En France, étonnamment, c’est par une libéralité, datant des années 1960, que l’homéopathie a été dispensée de la lourde procédure d’autorisation de mise sur le marché qui contraint à des essais toxicologiques, pharmacologiques et cliniques, avant toute vente de médicaments.

Un simple article du Code de la santé publique relève l’« usage bien établi » du « médicament ou des souches homéopathiques le composant », et mentionne même une « tradition homéopathique » pour justifier cette dérogation exceptionnelle! Quand l’« usage » et la « tradition » ont-ils constitué des critères de sécurité sanitaire ? Les traitements homéopathiques, on le sait, peuvent en certains cas aboutir à des drames lorsqu’ils se substituent à la médecine allopa­thique. Un exemple douloureux nous est venu d’Italie.

« Omeopazzia » (« homéo-folie ») titrait le Corriere della sera, la veille de la mort en Italie, le 27 mai 2017, du petit Francesco âgé de 7 ans. L’enfant souffrait d’une otite traitée uniquement par homéopathie.

« Malheureusement, pouvait-on lire, il reste des gens si faibles
et peu sûrs qu'ils n'arrivent pas à
vivre sans s'appuyer sur un dogme, qu'il soit religieux,
matérialiste, scientifique, antiscien­tifique, carnivore ou
encore vegan. »

Alors que l’état de santé de leur enfant s’aggravait et aurait nécessité une antibiothérapie urgente, les parents s’en sont remis, comme à leur habitude, aux « prouesses » de leur médecin homéopathe, Massimiliano Mecozzi. Les dégâts occasionnés au cerveau par l’infection furent fatals à l’enfant … Francesco est décédé trois jours après avoir été hospitalisé dans un état comateux. Parents et médecin doivent répondre devant la Justice d’homicide involontaire, à la suite de la plainte déposée par le grand-père.

En France, !’Agence du médicament (ANSM) a fini par admettre que « des effets indésirables graves peuvent survenir avec l’homéopathie». On aimerait en savoir davantage. Mais il semble que ce soit l’omerta. En tout cas, l’« appel des 124 » aura fini par réveiller les consciences et conduit les pouvoirs publics à opérer une volte-face qui mettra le feu aux poudres.
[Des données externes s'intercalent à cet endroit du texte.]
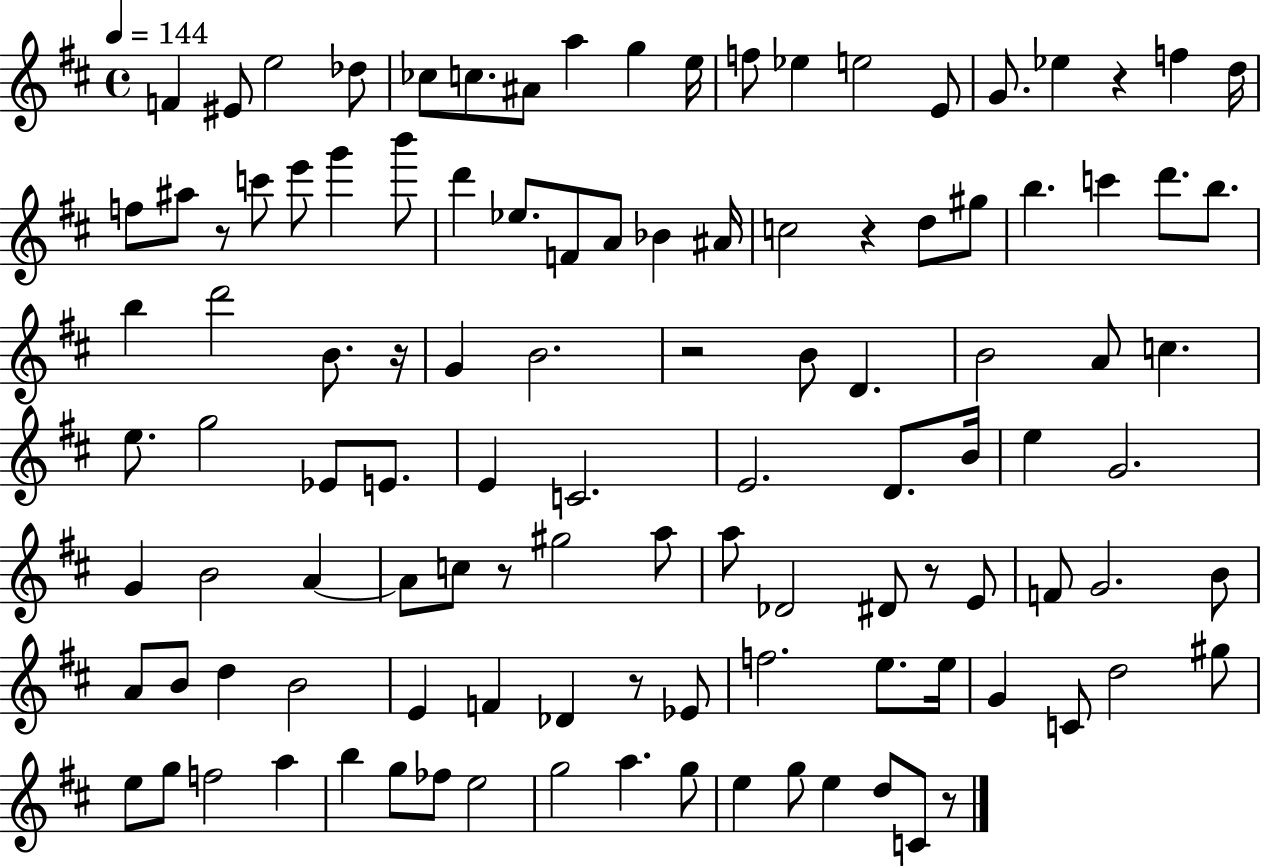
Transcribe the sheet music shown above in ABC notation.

En effet, un an plus tard, le bannissement se jouera en deux actes.

Premier acte. Le 28 mars 2019, les Académies de médecines et de pharmacie se prononcent contre l’homéo­pathie en publiant un communiqué commun réclamant la fin du remboursement de l’homéopathie par la Sécurité sociale; constatant qu’il s’agit d’un placebo et qu’aucune efficacité n’est scientifiquement prouvée; et préconisent de ne plus délivrer de diplôme universitaire dédié en faculté de médecine, de pharmacie ou d’école vétérinaire.
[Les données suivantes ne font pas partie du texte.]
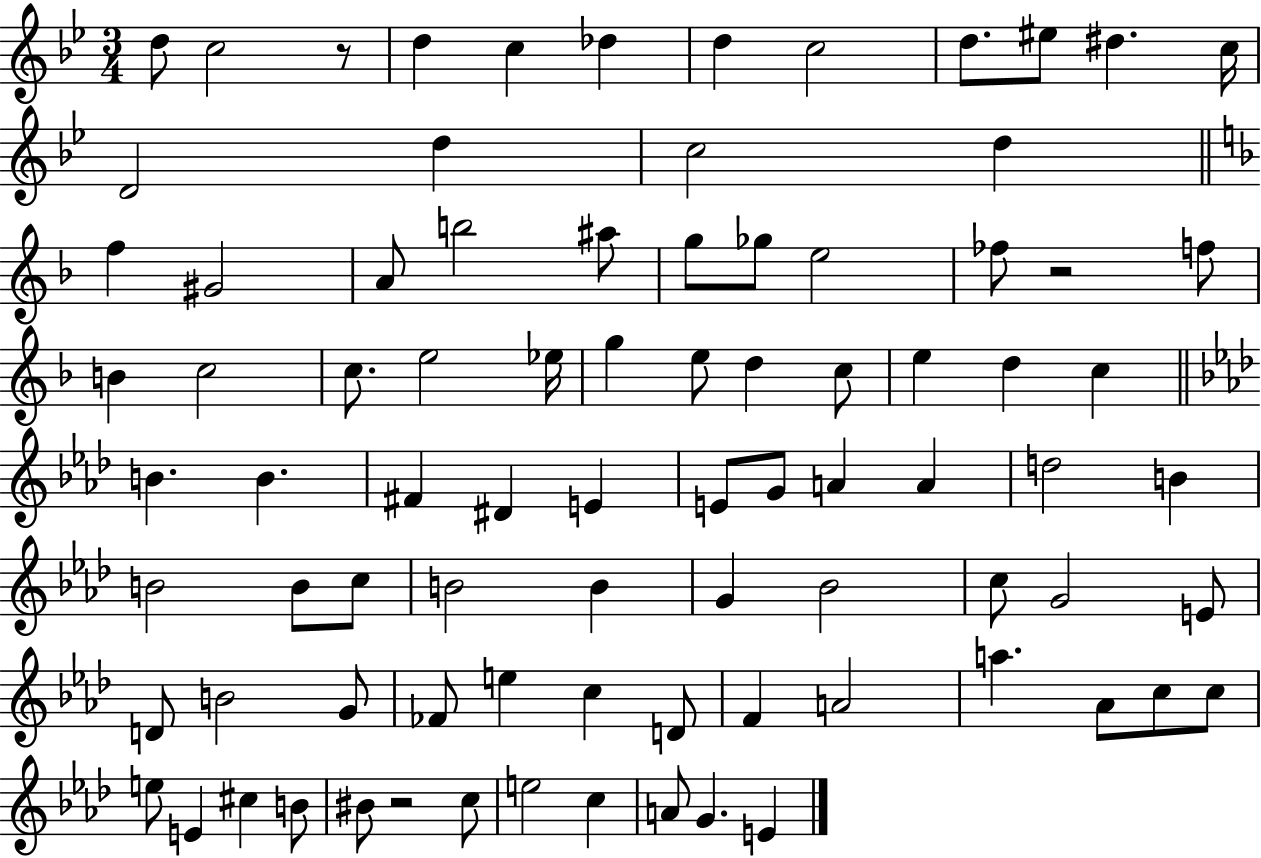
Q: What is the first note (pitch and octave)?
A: D5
Premier cri de victoire du collectif Fakemed: « Nous sommes heureux de voir que deux académies se positionnent clairement. Il est temps que les pouvoirs publics et les instances ordinales en prennent acte. »

Second acte. Le 26 juin 2019, la Haute Autorité de santé rendait public à son tour l’avis demandé par le gouvernement. Après avoir considéré qu’« aucune étude n’a démontré la supériorité en termes d’efficacité (morbidité) de l’approche homéopathique par rapport à des traitements conventionnels ou placebos », la HAS se prononçait pour le dérembour­sement de l’homéopathie.

Nouveau coup de tonnerre, d’autant qu’Agnès Buzyn, ministre de la Santé, avait préalablement annoncé qu’elle se conformerait à l’avis de la HAS. Aussitôt, on organise la riposte tous azimuts : pétition qui recueille un million de signatures, campagne médiatique, manifestations sur l’esplanade des Invalides à Paris, place de la Comédie à Lyon, où le maire Gérard Collomb prend la défense des établissements Boiron dont le siège se situe dans la région lyonnaise.

Les laboratoires Boiron, Lehning et Weleda font cause commune pour défendre leurs emplois. Ils évoquent le chiffre de mille trois cents suppressions de postes, et reçoivent le soutien de quarante-cinq députés qui signent une tribune pour demander au gouvernement de renoncer au dérembour­sement : « Il est difficile d’accepter l’idée selon laquelle cette pratique puisse soudainement être reléguée au rang de fake medecine », s’indignent-ils.

On n’imagine pas possible aujourd’hui un recul du gouvernement face aux lobbies, au détriment des intérêts de la population.